Certes Laurent Fabius, ministre des Affaires étrangères, a évoqué cette affaire lors d’une entrevue avec Benjamin Netanyahou, mais il n’a obtenu que la fermeture du compte Facebook du hacker. Autant dire peanuts. Ni Fabius, « ni Manuel Valls ni François Hollande n’ont dénoncé publiquement les agissements d’Ulcan », remarquait alors l’hebdomadaire L’Express.

 

Terrorisme israélien : la politique du « deux poids-deux mesures »

Si j’ai porté plainte pour « menace de mort » contre la soi-disant « Brigade juive », je ne me fais aucune illusion quant au résultat. Je garde à l’esprit celle que j’ai reçue en août 2003 – et adressée à une vingtaine d’autres personnes – accompagnée d’une balle de 22 long rifle et du message : « La prochaine n’arrivera pas par la poste » ! À l’époque, un juge avait regroupé les plaintes et la police était parvenue à mettre la main sur le coupable : un extrémiste pro-israélien, retraité d’une société d’import-export.

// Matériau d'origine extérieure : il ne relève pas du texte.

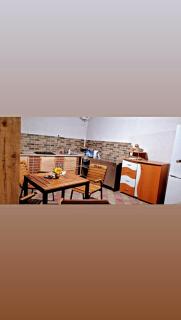 ALBDEVARA MAR SRL - 9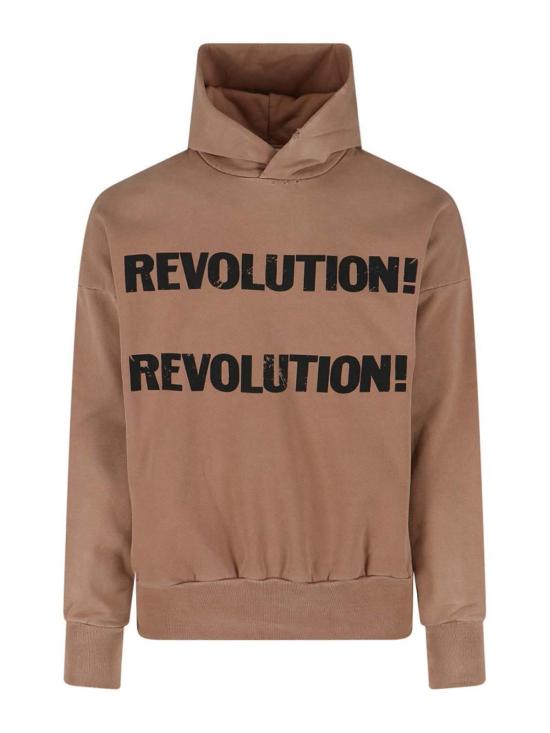 26FW 피어오브갓 에듀케이트 프렌치 테리 루드 티셔츠 FG25FW1212112BHFUS288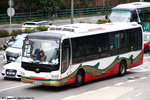 pe3648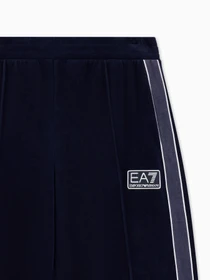 Брюки EA7 модель 7M002506-AF26044-UB102 Фото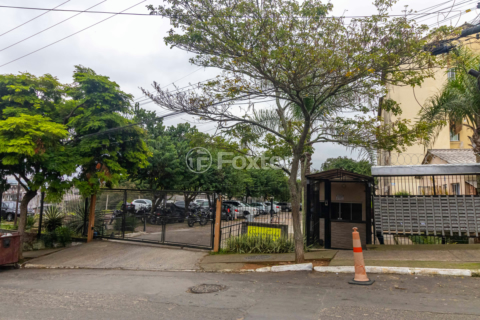 Image 33 - 204768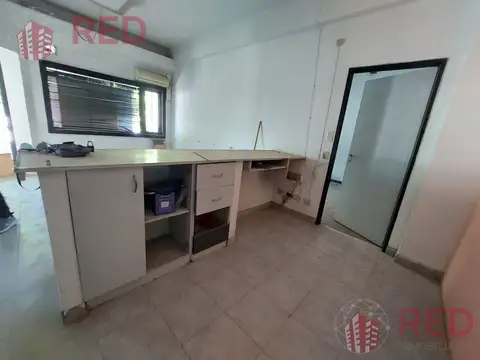 Casa en Alquiler al Suroeste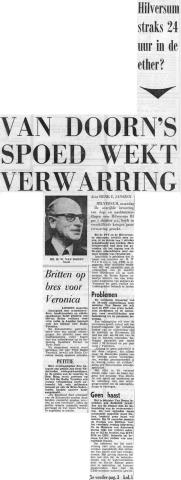 19730820_Van_Doorn_spoed_wekt_verwarring.jpg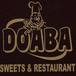 Doaba Sweet $ Restaurant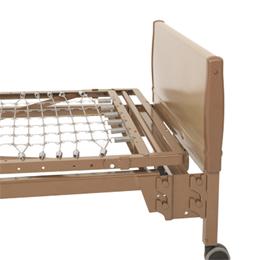 Image of Head End Bed Extender Kit
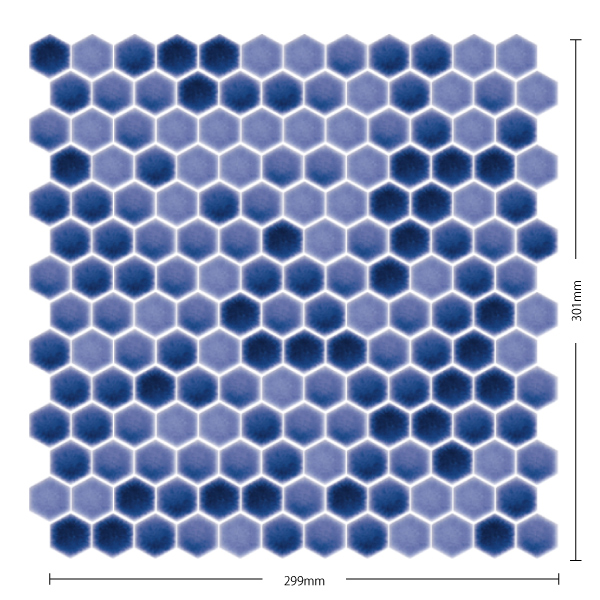 hex22-660.jpg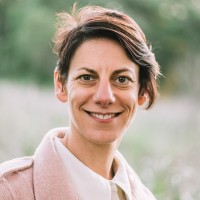 Melissa Everitt Email & Phone Number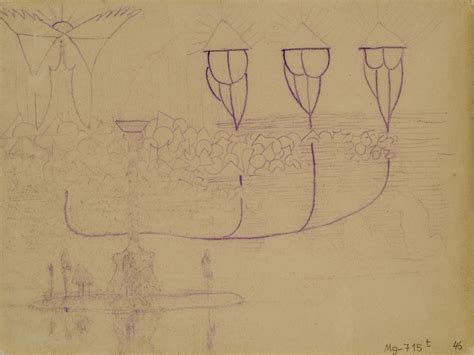 kosmetologinio vežimėlio dizaino eskizas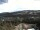 Webcam in Hinterzarten, 9.4 km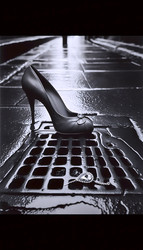 Similar image 22523599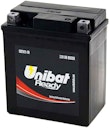 Vorschaubild Unibat – Batterie – CTX7L
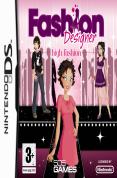 Fashion Designer High Fashion NDS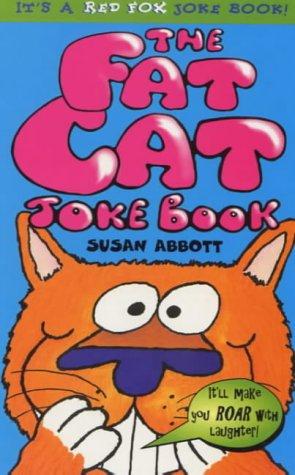 Book Miaow!: Cat Joke Book (Red Fox Joke Books) free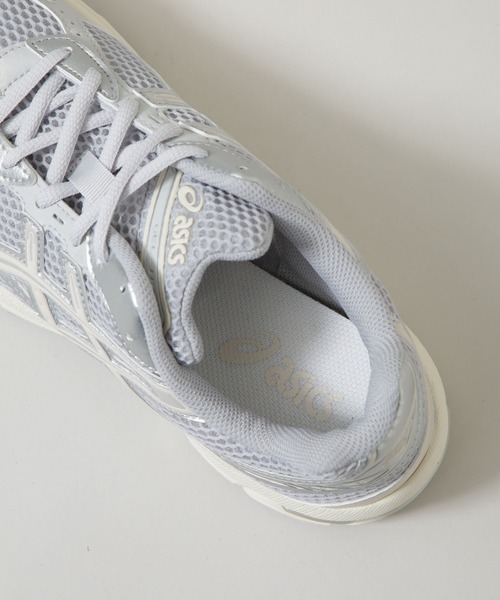 ASICS（アシックス） スニーカー asics/GEL-1130 レディース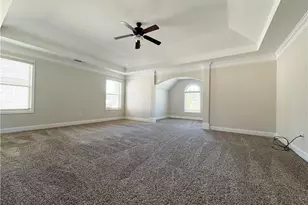 2251 Chance Ln, Grayson, GA 30017 - Photo 17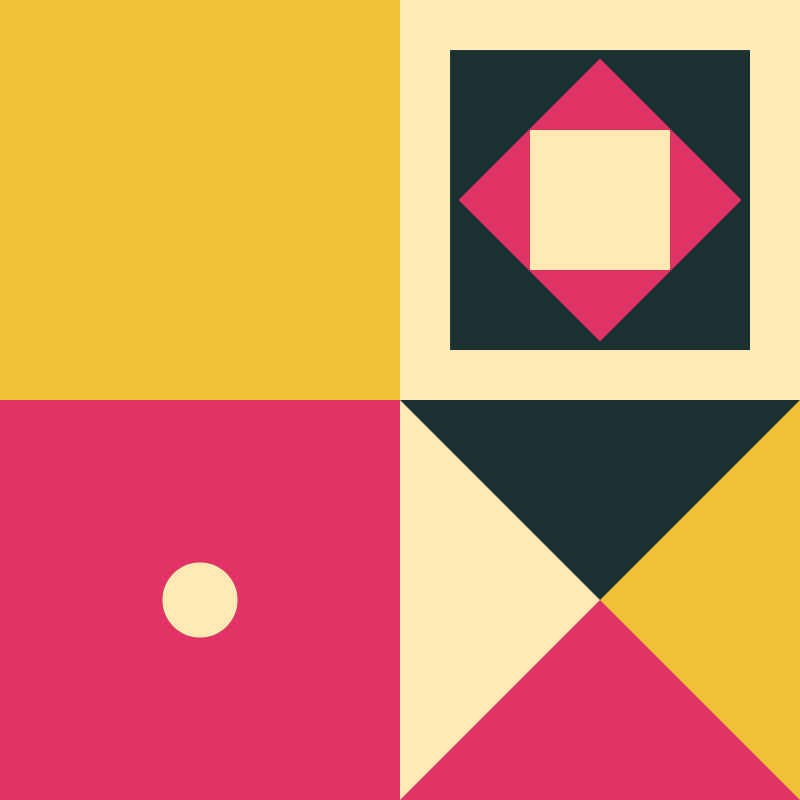 Pattern.gif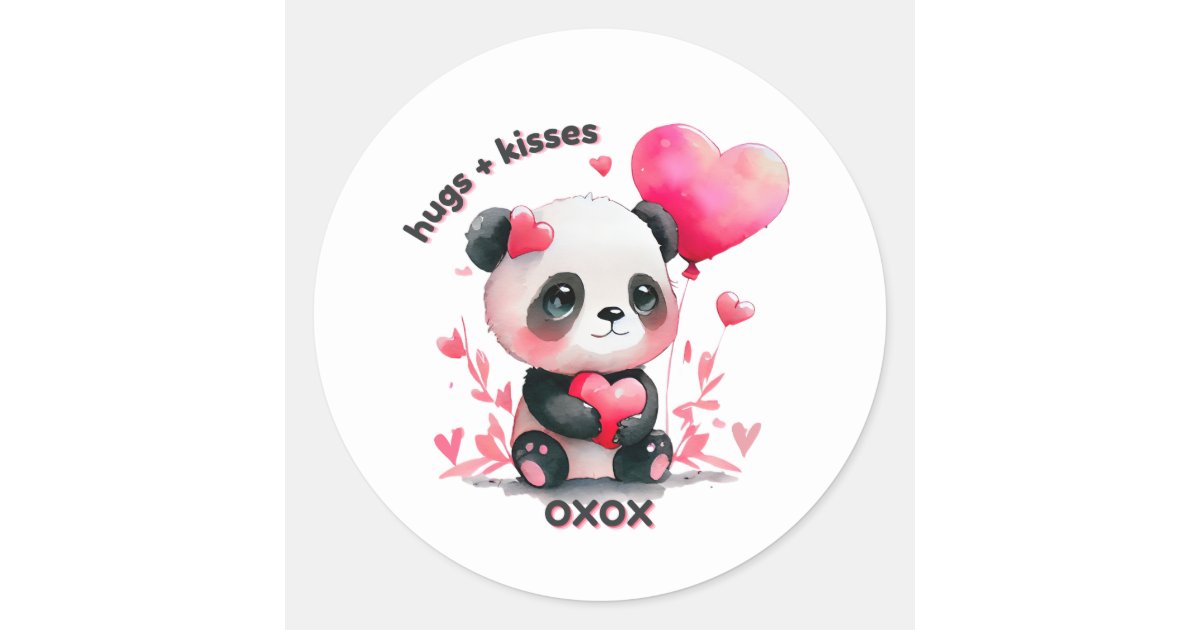 oxox-candy-heart-valentines-dtf-transfer-transfer-gang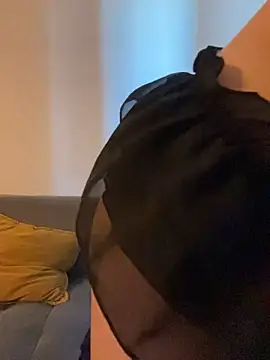 YankiGirl Webcam show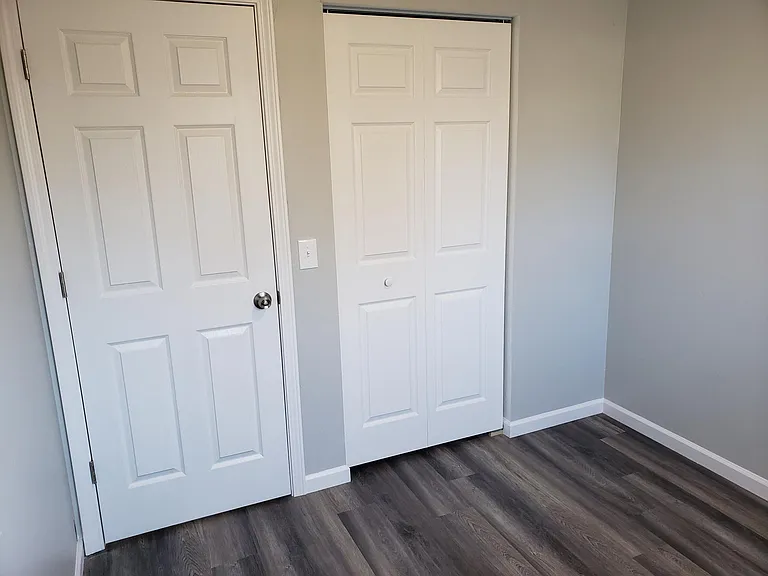 5470 Brook Point Rd — Photo 22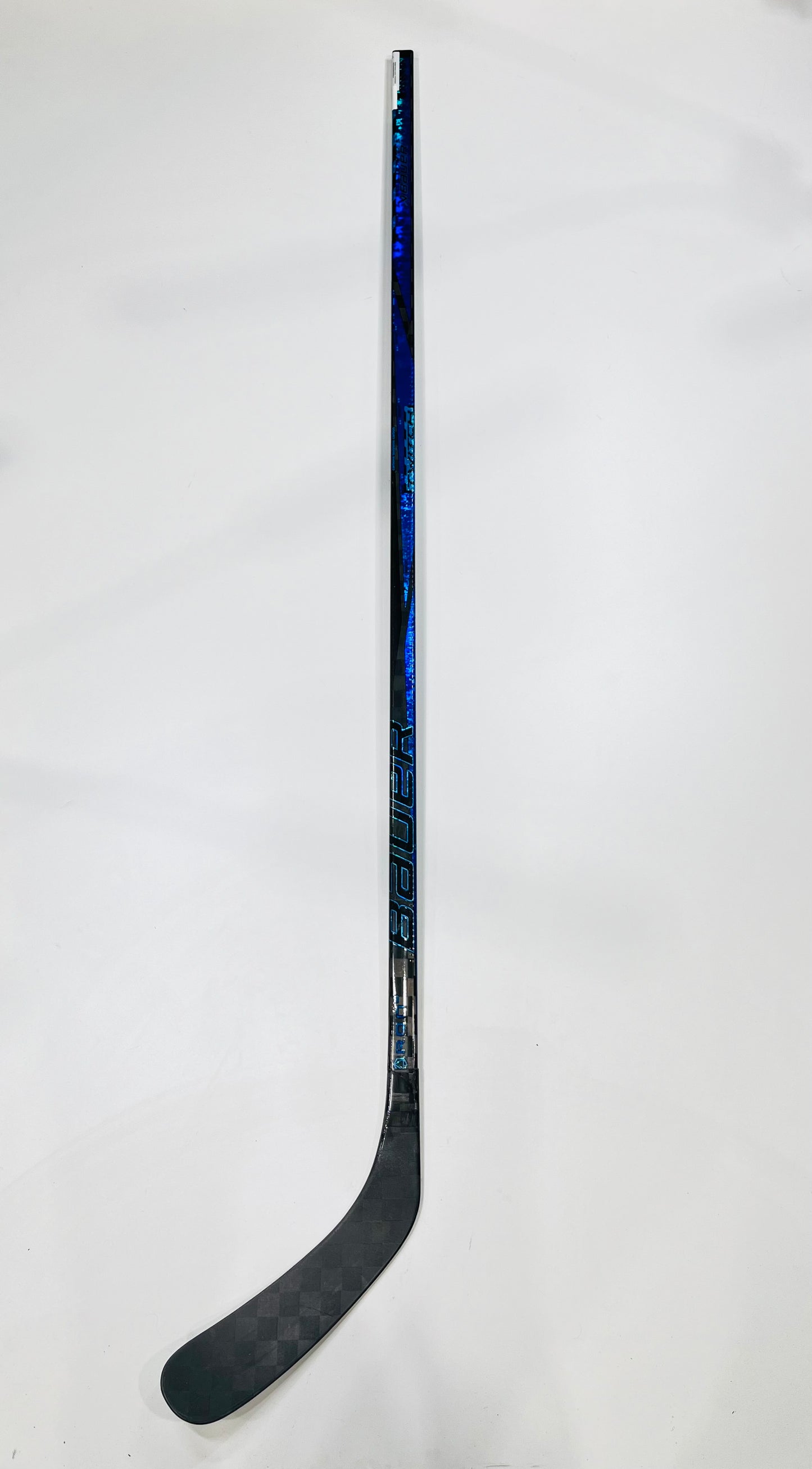 RH Bauer Twitch | 70 Flex | Zegras | Refurbished | WSWC-387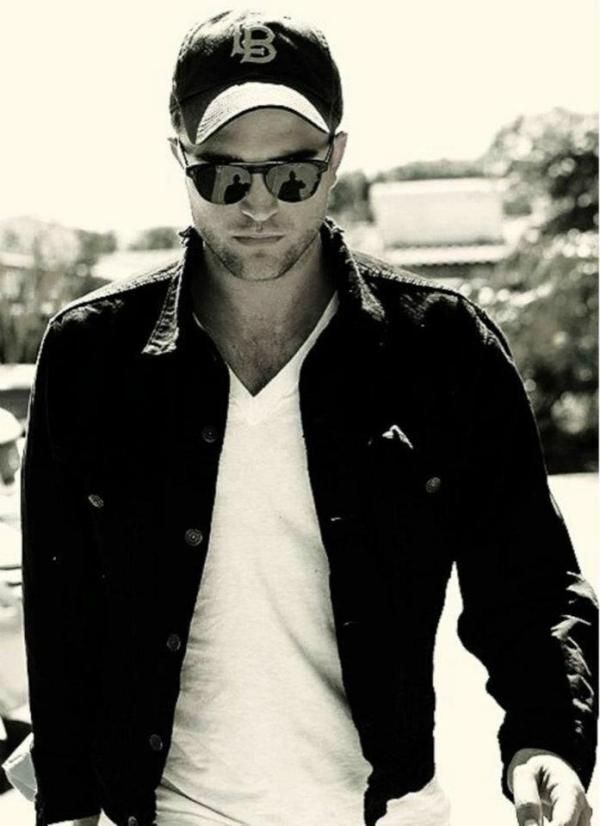 ���� 54635077 ������� �������, 39 ���, ���� ���������� � �������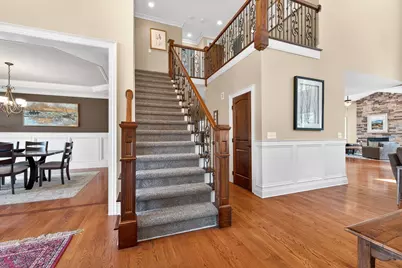 4263 Pine View Drive, Galena, OH 43021 - Photo 55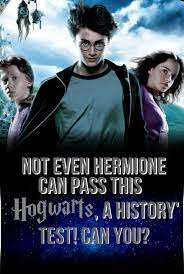 Pin Auf Harry Potter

La perquisition effectuée à son domicile avait permis de découvrir un dépôt d’armes et de munitions, parmi lesquelles une lunette de visée de nuit et des réducteurs de sons. Lors du procès, l’individu s’était montré agressif, nous assimilant à des animaux nuisibles à éliminer. Nous pensions tous que sa condamnation serait exemplaire. Nous nous trompions. Il ne fut condamné qu’à… un euro de dommages-intérêts.

La justice française est à géométrie variable lorsqu’elle juge des activités délictueuses liées aux conflits du Proche-Orient. Imaginez le tapage qu’aurait provoqué l’envoi de menaces de mort à des militants pro-israéliens et la peine écopée par son auteur s’il s’était appelé Muhammad…

Le gouvernement français a décrété l’État d’urgence pour répondre aux menaces de l’État islamique. Ordre a été donné de fermer des sites Internet dits salafistes et d’arrêter les islamistes soupçonnés d’appartenir à des cellules terroristes. Pour ne plus être accusé de faire « deux poids-deux mesures », le ministère de l’Intérieur devrait s’en prendre avec la même rigueur aux extrémistes juifs sionistes.

Les menaces de la soi-disant « Brigade juive » et des services spéciaux israéliens n’étoufferont pas la campagne BDS. Elle gagne du terrain, se développe chaque jour un peu plus en France et dans le monde, car c’est un mouvement de protestation pacifique et efficace pour faire entendre raison à la dernière colonie occidentale au Proche-Orient, la contraindre à respecter les résolutions des Nations unies et les droits de l’homme. En résumé, comme l’a écrit le 1er mai dernier Gideon Levy, journaliste du quotidien Haaretz, c’est « le seul moyen pour empêcher Israël de persister dans ses crimes ».